一、Hive是什么

Hive是基于Hadoop的一个数据仓库工具(离线)，可以将结构化的数据文件映射为一张数据库表，并提供类SQL查询功能。，它能接收用户输入的sql语句，然后把它翻译成mapreduce程序对HDFS上的数据进行查询、运算，并返回结果，或将结果存入HDFS。

要点：HIVE利用HDFS来存储数据文件；利用MAPREDUCE来做数据分析运算；利用SQL来为用户提供查询接口；

二、Hive的安装及配置

1.1.用内嵌derby作为元数据库

（1）安装hive的机器上应该有HADOOP环境（安装目录，HADOOP_HOME环境变量）；（2）直接解压一个hive安装包即可此时，安装的这个hive实例使用其内嵌的derby数据库作为记录元数据的数据库此模式不便于使用。

1.2.将mysql作为元数据库

以lunix安装为例：（1）上传mysql安装包；（2）解压；（3）安装mysql的server包；（4）安装mysql的客户端r包；（5）启动mysql的服务；（6）修改初始密码；（7）测试。注意点：要让mysql可以远程登录访问

2.修改hive的配置文件

修改hive-site.xml配置文件：

<name>javax.jdo.option.ConnectionURL</name>

<value>jdbc:mysql://master:3306/hive?createDatabaseIfNotExist=true</value>

</property>

<name>javax.jdo.option.ConnectionDriverName</name>

<value>com.mysql.jdbc.Driver</value>

</property>

<name>javax.jdo.option.ConnectionUserName</name>

</property>

<name>javax.jdo.option.ConnectionPassword</name>

</property>

</configuration>

3.上传一个mysql的驱动jar包到hive的安装目录的lib中

4.配置HIVE_HOME到系统环境变量中：/etc/profile

5.source /etc/profile

6.hive启动

三、启动Hive的三种方式

1.启动一个hive交互式查询shell

bin/hive

hive>

2.启动hive的网络服务，然后通过一个客户端beeline去连接服务进行查询

启动服务： bin/hiveserver2

启动客户端去连接hive服务： bin/beeline -u jdbc:hive2://slave2:10000 -n root

3.启动hive以一个脚本的方式

当有大量的hive查询任务时使用脚本化运行机制效率较高，该机制的核心点是：hive可以用一次性命令的方式来执行给定的hql语句。示例如下：

vi t_t.sh

#!/bin/bash

hive -e "insert into table t_max select id,max(age) from t_1 group by gender'"

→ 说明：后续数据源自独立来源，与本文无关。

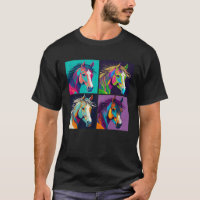 Horse Pop Art Design Illustration Colorful Animal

hive -e 'create table t_sum as select id,sum(amount) from t_1 group by id'

四、Hive建库建表与数据导入(DDL)

1、建库：create database hello; 库目录：/user/hive/warehouse/hello.db

hive中有一个默认的库：库名： default 库目录：/user/hive/warehouse

2、建表：

内部表：表目录按照hive的规范来部署，位于hive的仓库目录/user/hive/warehouse中

create table t1(id int,name string,age int)

row format delimited fields terminated by ',';

外部表：表目录由建表用户自己指定

create external table t2(id int,name string,age int)

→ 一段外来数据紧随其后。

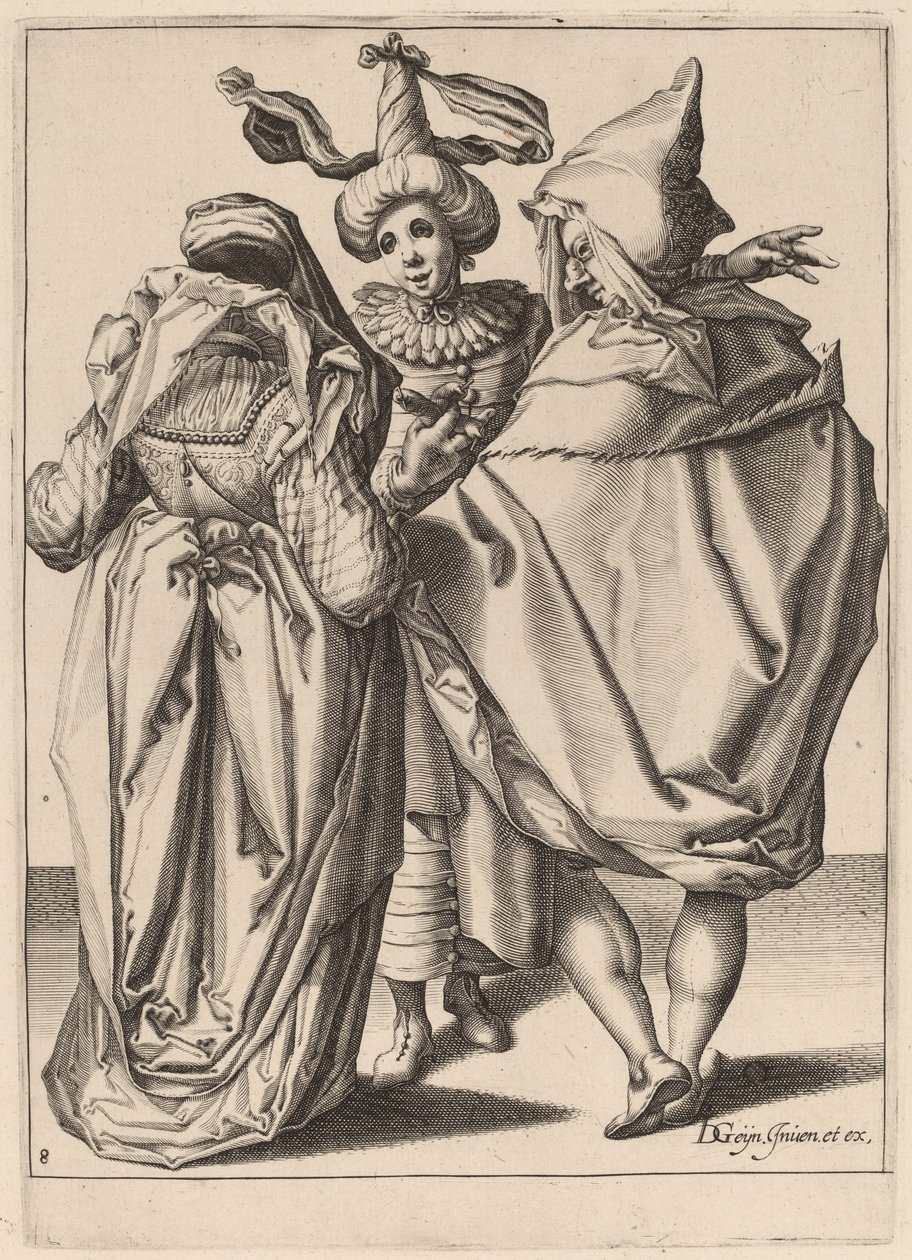 Ett par tilltalar en gestikulerande ung man av Zacharias Dolendo after Jacques de Gheyn II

row format delimited fields terminated by ','

location ‘/xx/xx/’;

注意：drop内部表时，表目录会被删除，表的元数据也会被删除

drop外部表时，是表目录还在，但表的元数据会被删除

3、删除表

drop table t1;

4、导入数据到表中

实际上，只要把数据文件放入表目录即可 hadoop fs -put ......

hive命令：

如果文件在hive的本地磁盘： load data local inpath ‘/home/t_t.dat’ into table t1;

如果文件在hdfs上：load data inpath ‘/t_t.dat’ into table t1;

提醒：hive不会对用户所导入的数据做任何的检查和约束

5、修改表的定义

修改表名：alter table table_name rename to new_table_name

alter table t1 rename to t2;

修改字段名、字段类型：alter table table_name change [column] col_old_name col_new_name column_type [commentcol_comment] [first|(after column_name)]

alter table t1 change id oid float first;

增加、替换列：alter table table_name add|replace columns (col_name data_type[comment col_comment], ...)

alter table t1 add columns (gender string,phone int);

alter table t1 replace columns (id int,age int,name string);

6、分区表

在表目录中为数据文件创建分区子目录，以便于在查询时，mr程序可以针对指定的分区子目录中的数据进行处理，减少读取的范围，提高效率。

内部表分区建表：

create table t1(id int,uid string,price float,amount int)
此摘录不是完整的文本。